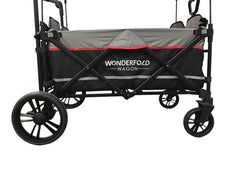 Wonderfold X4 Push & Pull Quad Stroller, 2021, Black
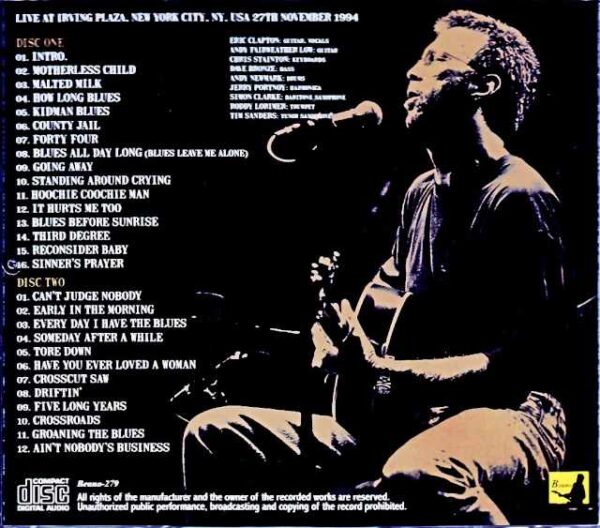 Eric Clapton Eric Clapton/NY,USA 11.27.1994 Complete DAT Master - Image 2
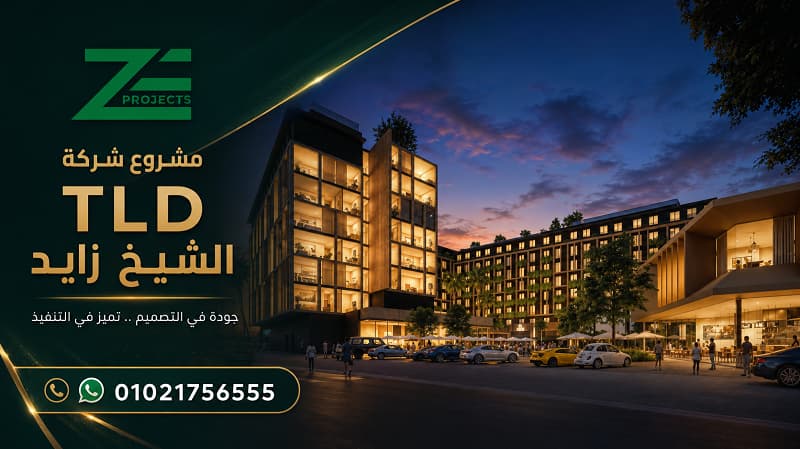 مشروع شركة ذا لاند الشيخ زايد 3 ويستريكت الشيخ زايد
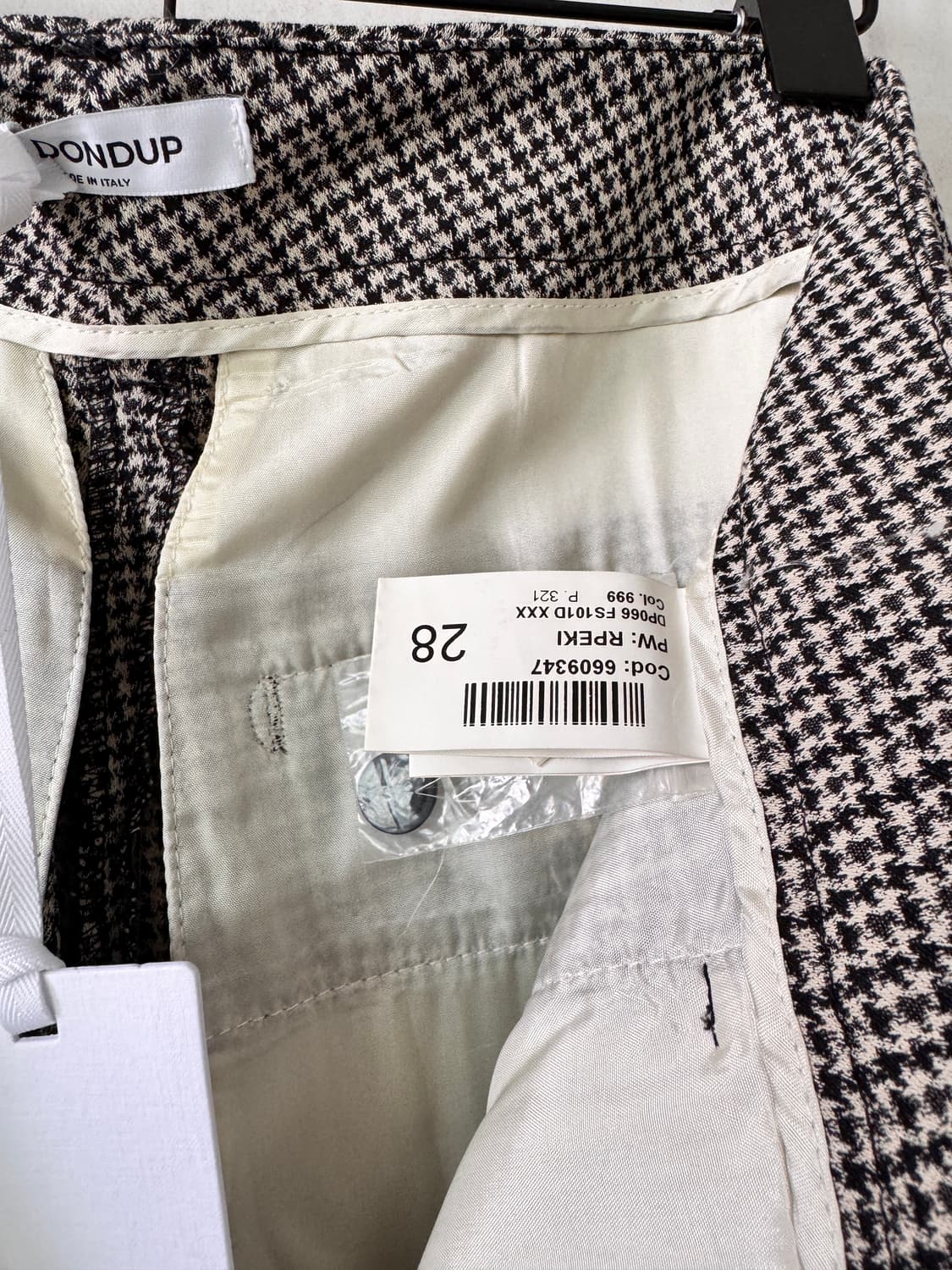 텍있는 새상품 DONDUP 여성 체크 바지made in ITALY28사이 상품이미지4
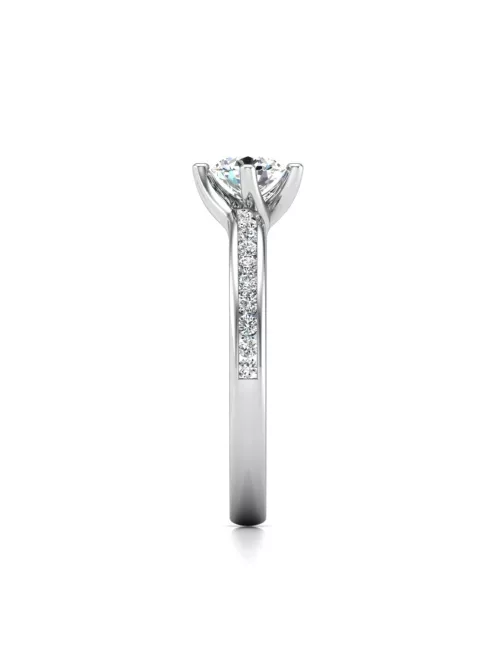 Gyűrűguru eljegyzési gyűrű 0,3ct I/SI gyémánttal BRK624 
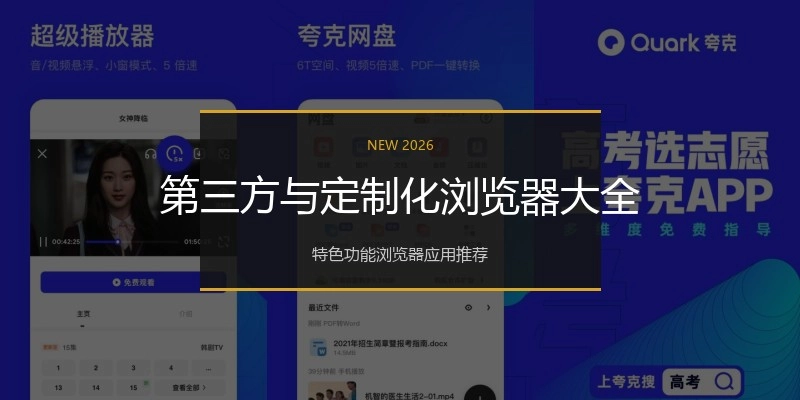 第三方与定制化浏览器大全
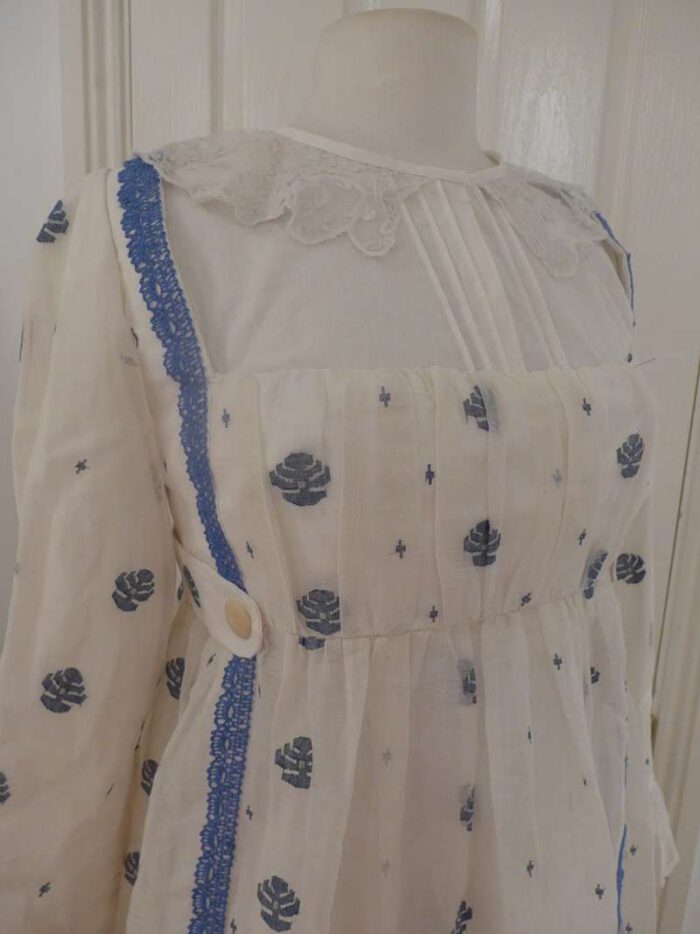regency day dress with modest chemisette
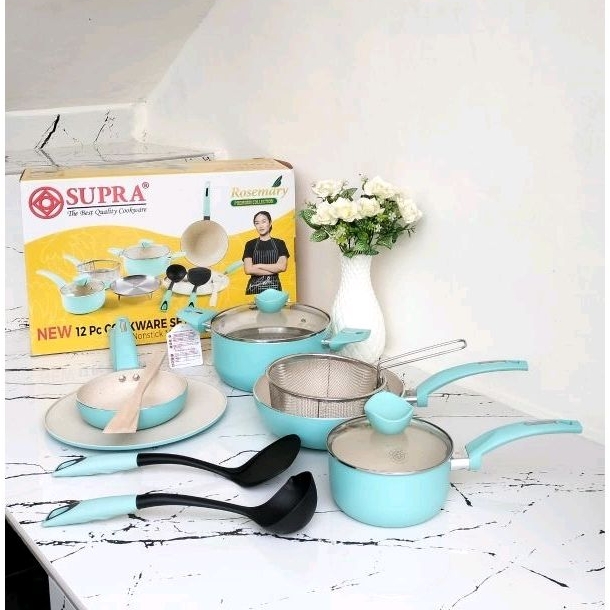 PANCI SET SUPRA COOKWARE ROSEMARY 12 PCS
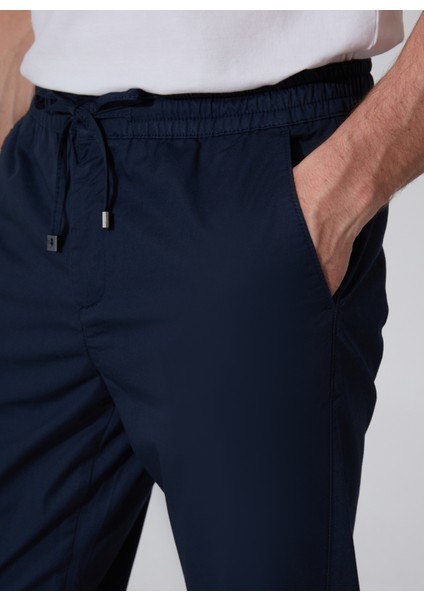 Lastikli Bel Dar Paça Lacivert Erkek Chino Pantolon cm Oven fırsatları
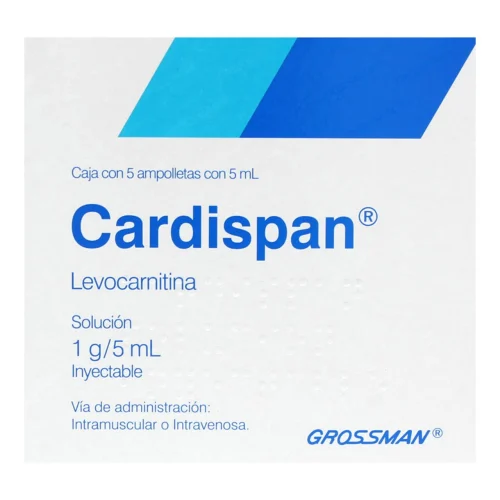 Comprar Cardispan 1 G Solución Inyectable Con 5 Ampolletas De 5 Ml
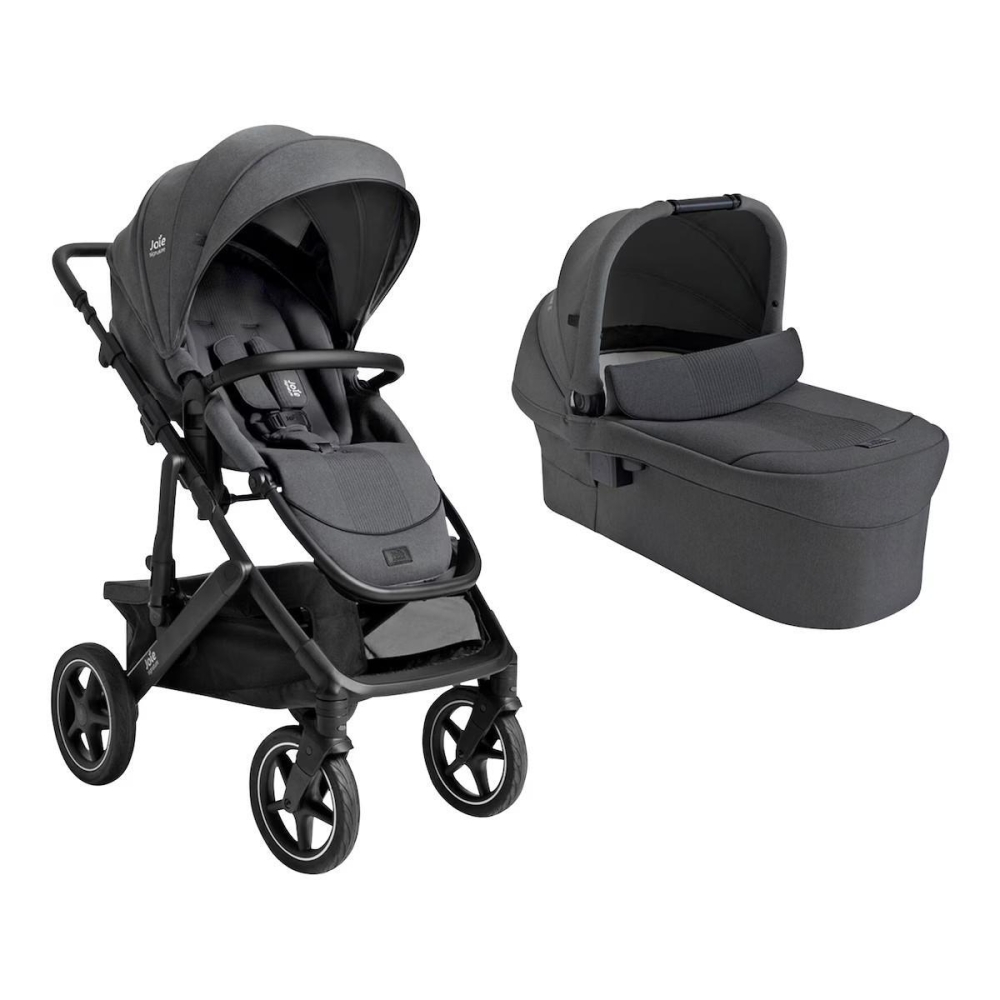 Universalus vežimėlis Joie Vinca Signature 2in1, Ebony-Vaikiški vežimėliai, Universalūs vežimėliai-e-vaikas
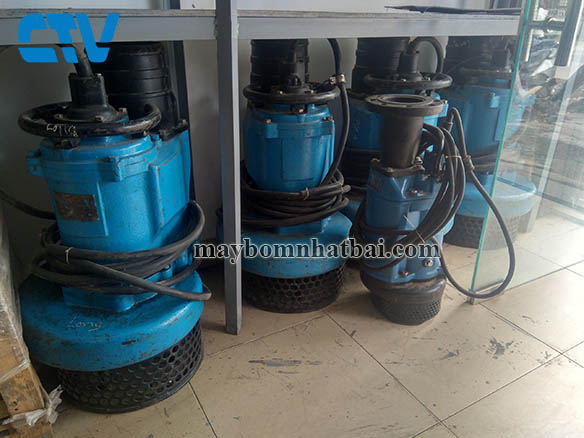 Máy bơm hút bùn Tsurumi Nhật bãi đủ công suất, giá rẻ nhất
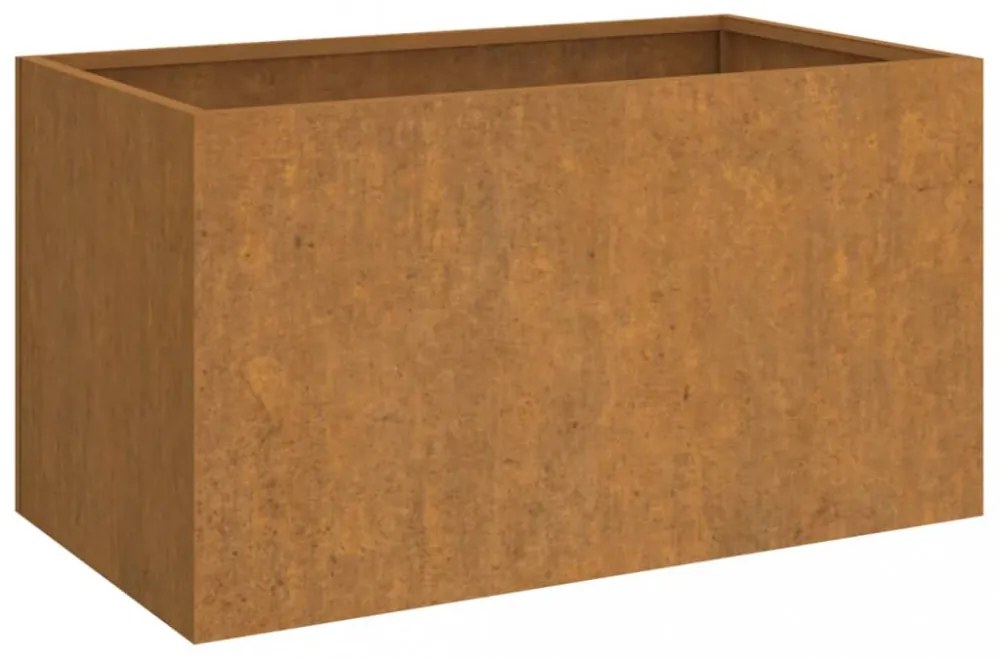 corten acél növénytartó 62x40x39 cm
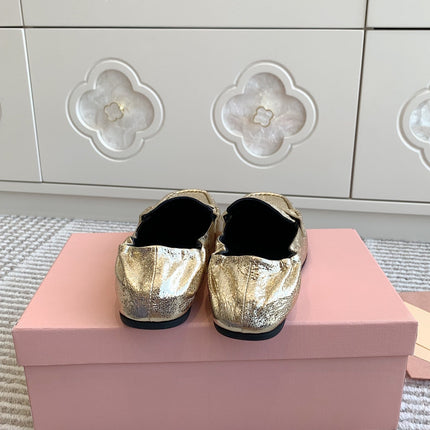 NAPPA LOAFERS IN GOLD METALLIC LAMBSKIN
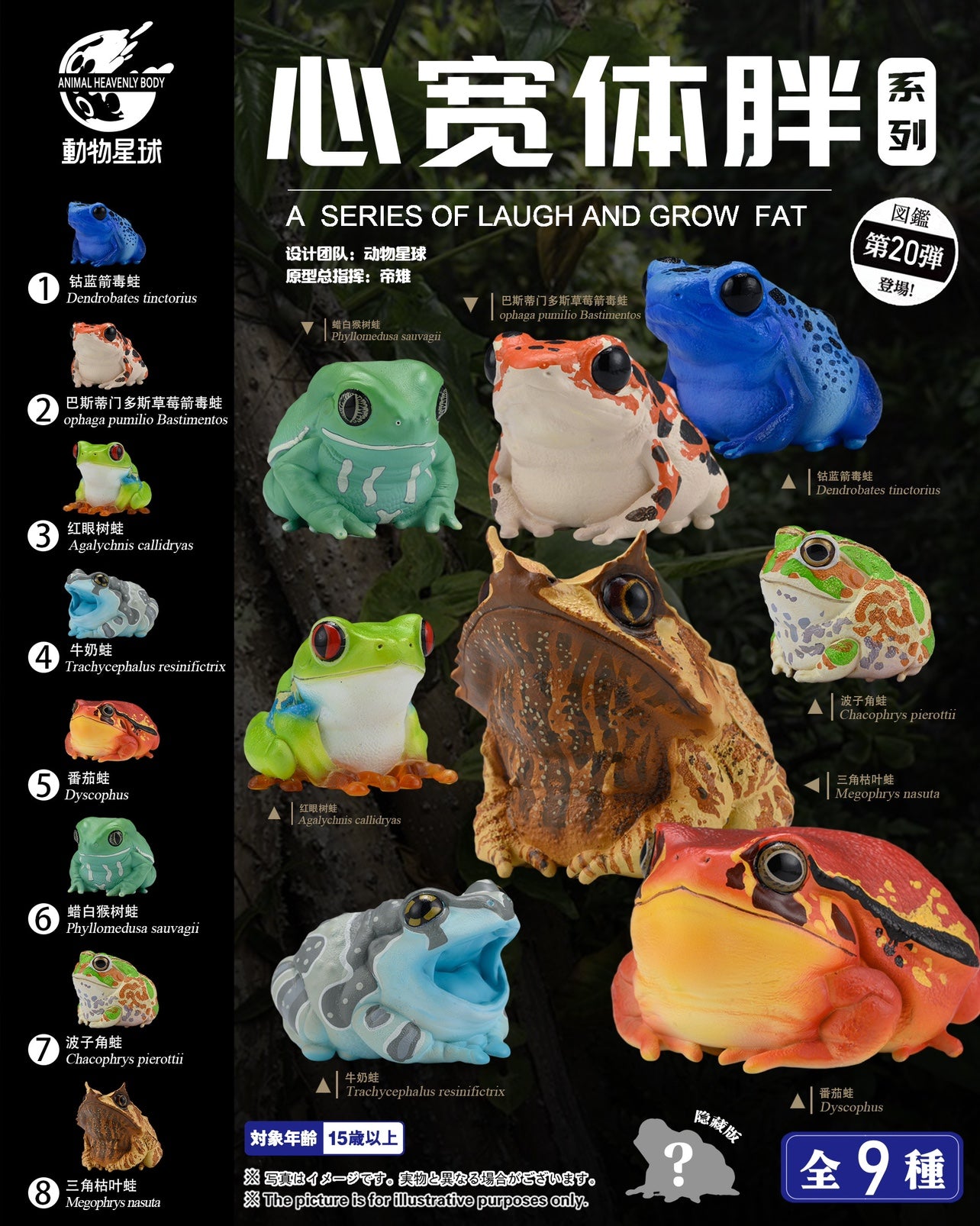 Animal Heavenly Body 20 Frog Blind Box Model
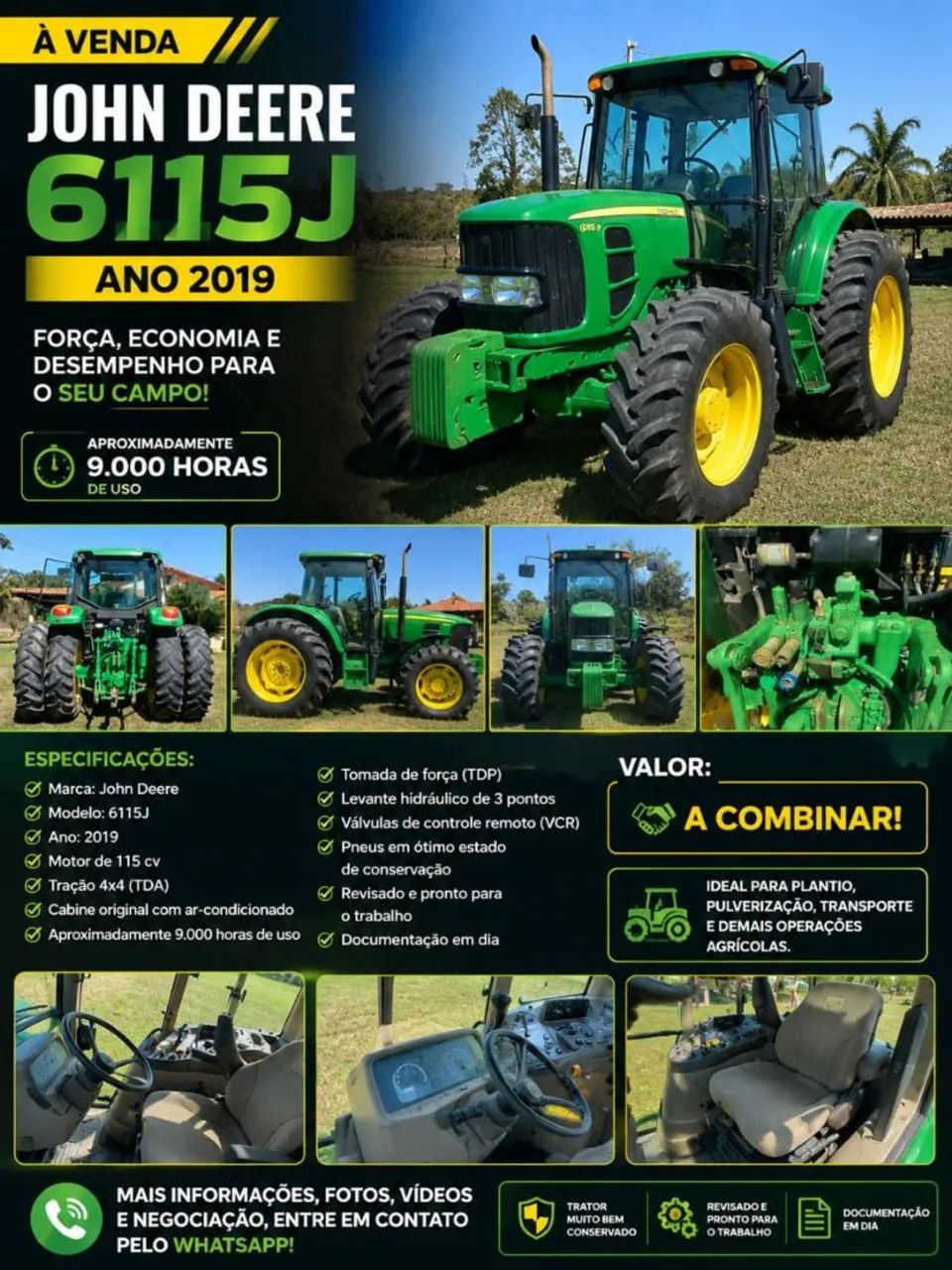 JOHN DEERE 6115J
= = =
**PROBLEM TO SOLVE:**
A word-for-word copy of the lines from the one with "Animal Heavenly Body 20 Frog Blind Box Model" through the final line of the listing above is the whole answer, and it contains no pictures.

**TASK ANSWER:**
 Animal Heavenly Body 20 Frog Blind Box Model
 JOHN DEERE 6115J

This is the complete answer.